What the task requires -
Will you write out the data exactly, excluding every picture?

-- Given material follows --

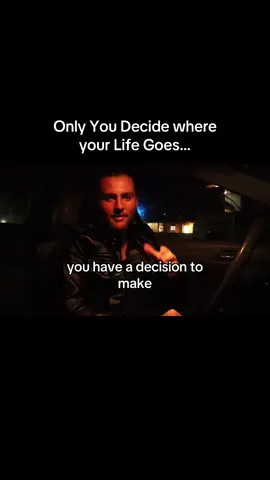 YOUTUBE: @Natewolf12 Link in Bio #natewolf #wolfmentality #mindsetcoach #fitnesscoach 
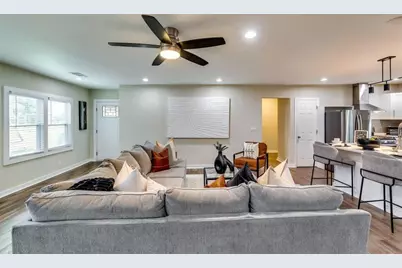 1271 Byewood Lane SW, Atlanta, GA 30310 - Photo 7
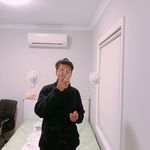 Charles Peng - @charlesyige - Instagram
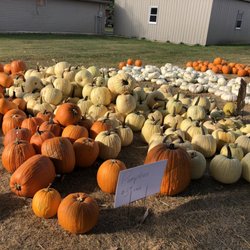 L&K Produce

-- Given material concluded --

Response to the exercise -
 YOUTUBE: @Natewolf12 Link in Bio #natewolf #wolfmentality #mindsetcoach #fitnesscoach 
 1271 Byewood Lane SW, Atlanta, GA 30310 - Photo 7
 Charles Peng - @charlesyige - Instagram
 L&K Produce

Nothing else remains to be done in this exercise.